OLG Frankfurt zur „Vorauswertung“ von Messdaten durch Privatfirma

von | 2016-03-17T18:11:24+00:00 18. November 2014|Straf- und OWi-Recht|0 Kommentare

Auch im Zuständigkeitsbereich des AG Darmstadt sind Privatfirmen bei Geschwindigkeitsmessungen und -auswertungen beteiligt. Das AG und ihm folgend das OLG Frankfurt (Beschluss vom 03.09.2014, Az. 2 Ss-OWi 655/14, Volltext-PDF) gehen hier einen anderen Weg als das AG Gelnhausen (AG Geln­hau­sen: Die Pri­vat­fir­men blit­zen wei­ter (bzw. wer­ten wei­ter aus), das bei solchen Auswertungen ein Beweisverwertungsverbot annimmt und sich auf einen hessischen Erlass beruft, und lassen zumindest eine Vorauswertung durch die Privatfirma zu:

Die aufgeworfene Rechtsfrage inwieweit Ordnungsbehörden private Firmen bei der Verkehrsüberwachung hinzuziehen dürfen, ist obergerichtlich seit langer Zeit geklärt. Der Senat vertritt seit mindestens 1995 (vgl. NJW 1995, 2570) in ständiger Rechtsprechung (vgl. für viele: NStZ-RR 2003, 342) die Ansicht, dass auch bei Verkehrsüberwachung, wie im strafrechtlichen Ermittlungsverfahren auch, die Hinzuziehung privater Firmen möglich ist. Die Ordnungsbehörde muß allerdings Herrin des Verfahrens bleiben. Konkret bedeutet dies, dass sie die Kontrolle über die Ermittlungsdaten, die der Entscheidung der Ordnungsbehörde über die Durchführung eines Bußgeldverfahrens zu Grund liegen, was in der Regel die Meßdaten des Verkehrsüberwachungsgeräts sein dürften, behalten muß. Und sie muß Herrin über die Entscheidung bleiben, ob und gegen wen sie ein Bußgeldverfahren einleitet.

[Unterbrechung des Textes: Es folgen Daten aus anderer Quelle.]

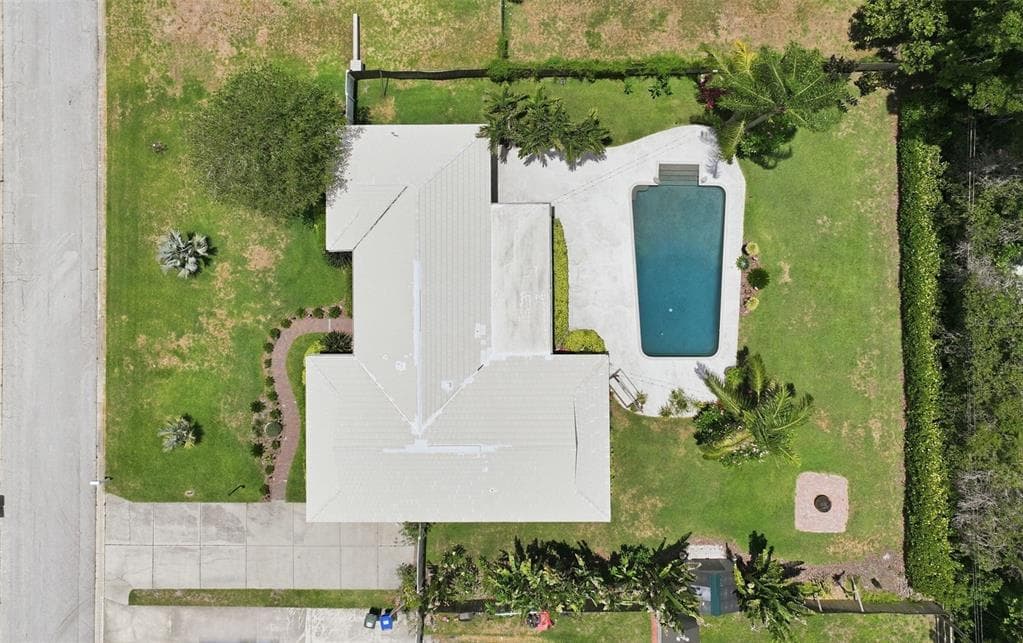 2150 WRENS WAY CLEARWATER, FL 33764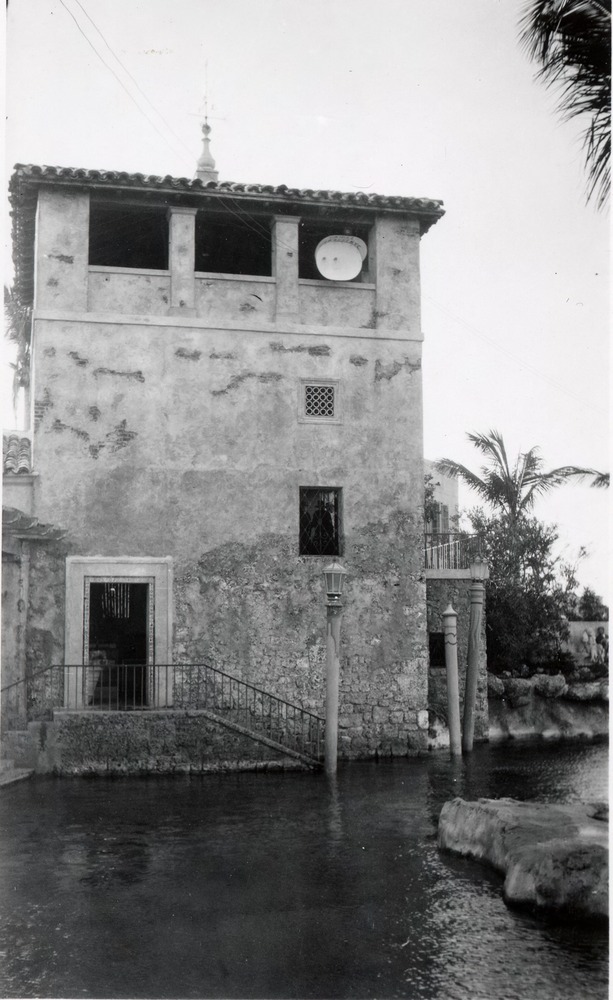 Access door to the pool. Venetian Pool. Coral Gables, Florida - Recto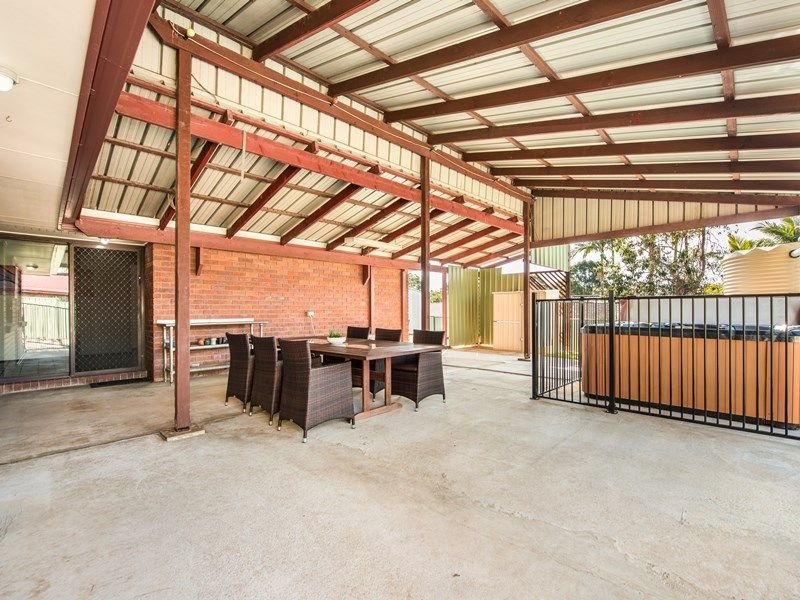 Photo - 10 Lintrose Court, Edens Landing QLD 4207 - Image 8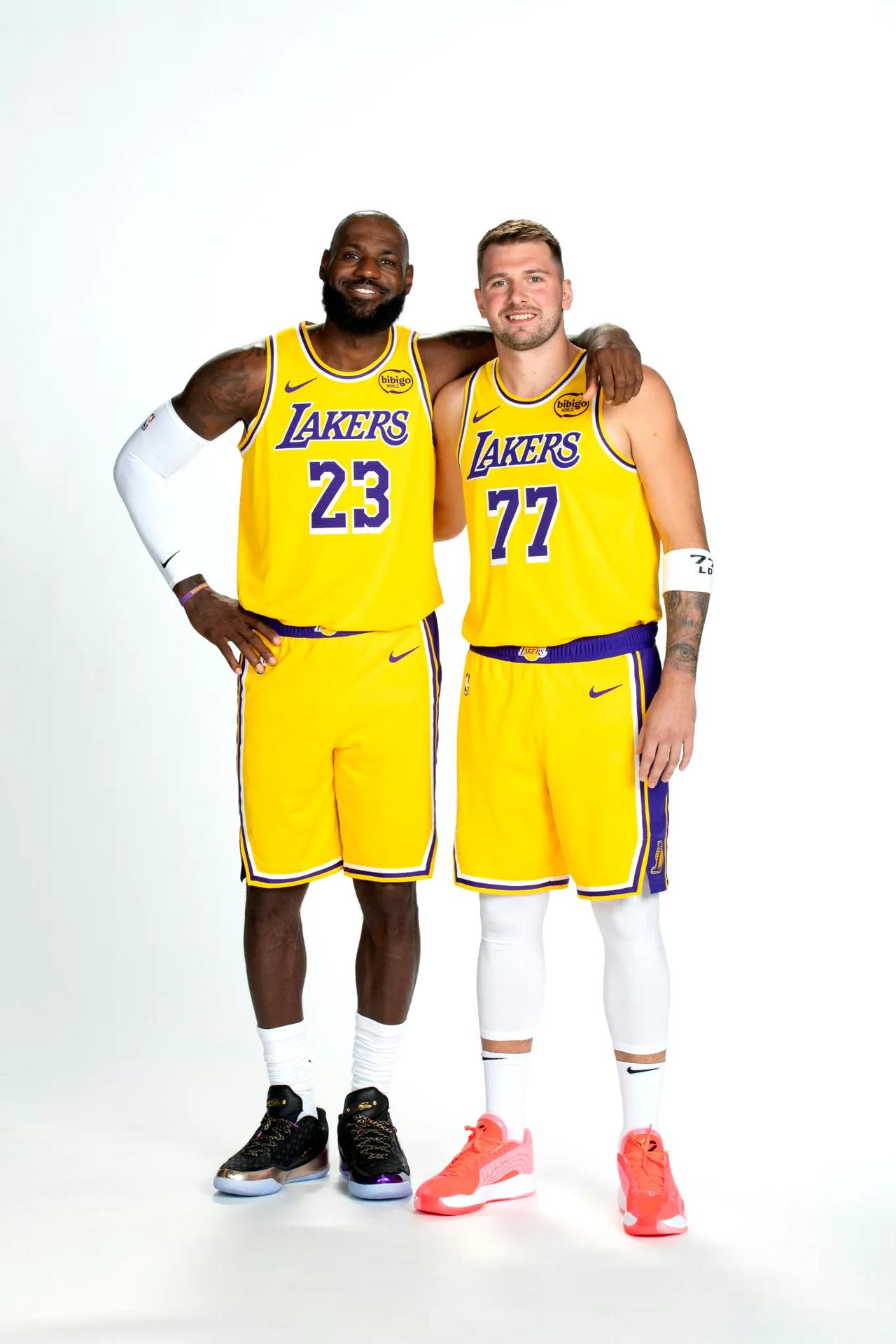 NBA那些因实力增积黑粉的球星

1.詹姆斯
詹姆斯吸黑粉在于和三个年代的流量球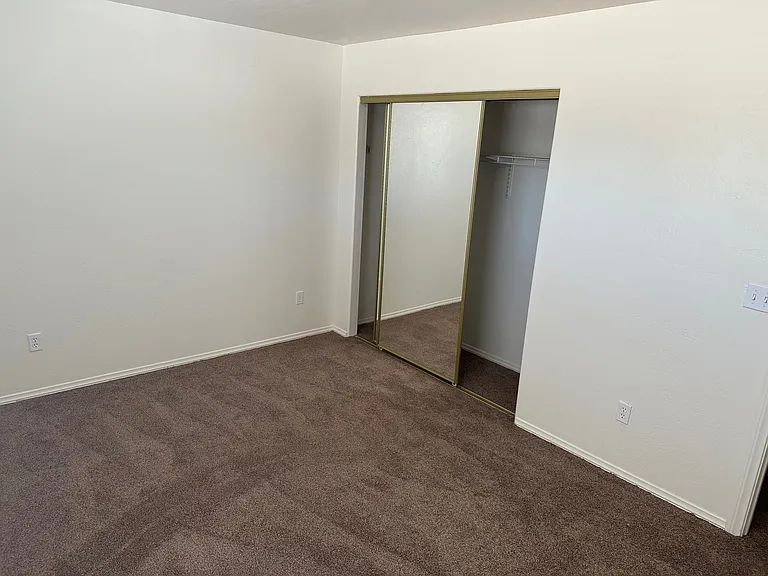 7870 Dogwood Ave — Photo 6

Genau dies hat das Tatgericht vorliegend beachtet und im Urteil dezidiert dargelegt.

Dass die von der Ordnungsbehörde erhobenen und bei ihr gespeicherten Daten zu einer „unverbindlichen Vorauswahl“ verschlüsselt an eine private Firma versandt worden und von dieser nach einer entsprechenden Vorauswertung vollständig zurückgesandt worden sind, wobei möglicherweise unverwertbare Daten rot unterlegt wurden, steht dem nicht entgegen, zumal es die Betroffenen nur begünstigt. Die Ordnungsbehörde ist trotz dieser Hilfstätigkeit Herrin des Verfahrens geblieben. Sie ist Herrin der Daten und entscheidet ob und gegen wen sie ein Verfahren einleitet.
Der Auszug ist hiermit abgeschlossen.